Columna publicada el jueves 7 de octubre de 2021 por El Líbero.

Toda cultura se sustenta sobre un puñado de límites, una serie de prohibiciones que configuran el primer criterio de orientación. Los muertos son uno de ellos. Solo personas sin escrúpulos osarían profanar la tumba de un adversario. Y sin embargo allí yacen vandalizadas las tumbas de Jaime Guzmán, Víctor Jara y Carmen Errázuriz, madre del primero. Los límites nos sitúan, vuelven predecibles nuestras interacciones, sobre todo en tiempos de caos político y moral.

Octubre de 2019 se inició como una revolución contra algunos de esos límites. Recordemos. La imagen de una joven en uniforme escolar, subida sobre un torniquete de metro, aleonando a sus compañeros, tiene mucha más relevancia de la que pareciera en una primera mirada. Saltarse el torniquete, ese violento dejar de pagar, terminó de derribar la barrera entre adentro y afuera, lo permitido y prohibido, arriba o abajo. La imagen condensa el proceso de erosión de todos los límites, que hacía tiempo eran cuestionados. Al caer esa barrera invisible, caen simbólicamente pautas de referencia para la vida social, cumpliendo de modo eficaz con la misma premisa rayada en las calles parisinas en mayo del 68: prohibido prohibir. Es cierto que para nosotros, los modernos, la transgresión tiene cierto atractivo. Los límites parecen ser solo resabios de una cultura atávica, retrasada, cuyas ataduras sociales y naturales deben ir cayendo, una a una, para configurar un horizonte emancipatorio en el que seamos realmente libres.
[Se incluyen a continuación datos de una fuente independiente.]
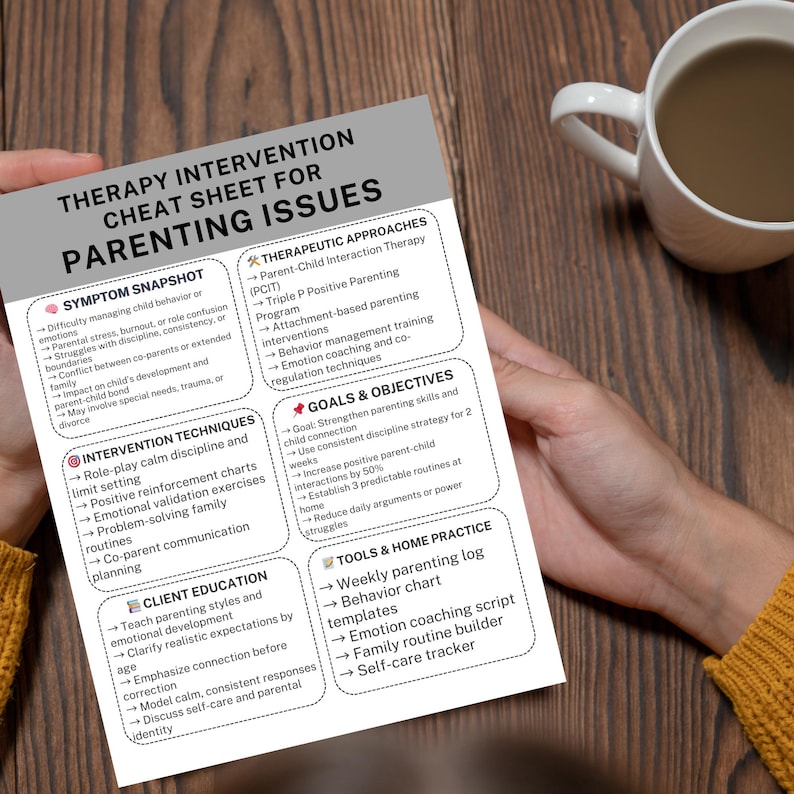 May include: A therapy intervention cheat sheet for parenting issues. The document includes sections on symptom snapshots, intervention techniques, client education, therapeutic approaches, goals and objectives, and tools and home practice. The text is in black font on a white background.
Pero la situación es más compleja que eso. La disolución del límite se transfiere a otros dominios y explica, en parte, la conducta errática de nuestros representantes. En la cancha política, los límites surgen como un remedio frente a la voluntad desnuda, contra la arbitrariedad del poder, fantasma siempre presente. Da igual si es la tiranía de uno o de muchos: el poder en sí constituye una tentación difícil de manejar para nuestra imperfecta naturaleza humana. La adolescente actitud del Congreso, expresada en la aprobación sucesiva de los retiros de fondos previsionales, sin atender a ninguna de las múltiples razones que lo desaconsejan, es una manifestación de esto.
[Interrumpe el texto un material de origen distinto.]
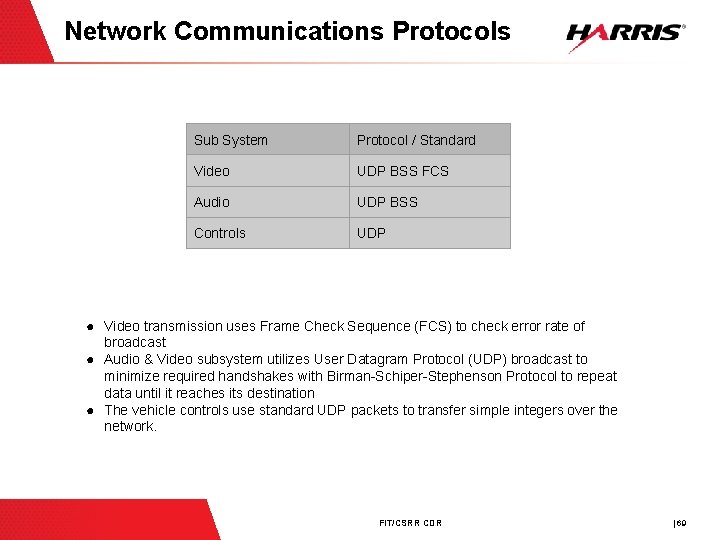 Network Communications Protocols Sub System Protocol / Standard Video UDP BSS FCS Audio UDP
Carente de modulaciones, esa voluntad desnuda también contagia la discusión respecto de la reforma al sistema de pensiones, donde más allá de una discusión pobretona sobre la propiedad de los fondos, priman voluntarismos de eslogan débil, tipo “querer es poder”. Y, como sabemos, las pensiones no se pagan con voluntades, por puras y bondadosas que ellas sean. Lo mismo con la Convención: pese a la claridad del texto que la creó, la discusión sobre si someterse o no a los dos tercios se mantuvo vigente hasta el último momento. Incluso allí, se creó un subterfugio latente: el de los plebiscitos dirimentes, que amaga con poner un manto de sombras sobre el proceso y sus reglas.

Cierto es que muchas de las normas que antes teníamos perdieron sentido poco a poco, que quienes podían resignificar las vigentes, adaptar mecanismos o crear unos nuevos no lo hicieron. Es una crítica justa hacia los 30 años. Sin embargo, los errores de quienes tenían a su cargo la conducción del orden político no son causa suficiente para dejar de lado el problema. Esta será la labor más relevante de la nueva Constitución. Crear límites que se opongan a la tendencia lenta pero insoslayable de disolución, que hoy nos tiene girando en banda. Un proceso que, de no ser abordado a tiempo, seguirá hasta que no quede piedra sobre piedra.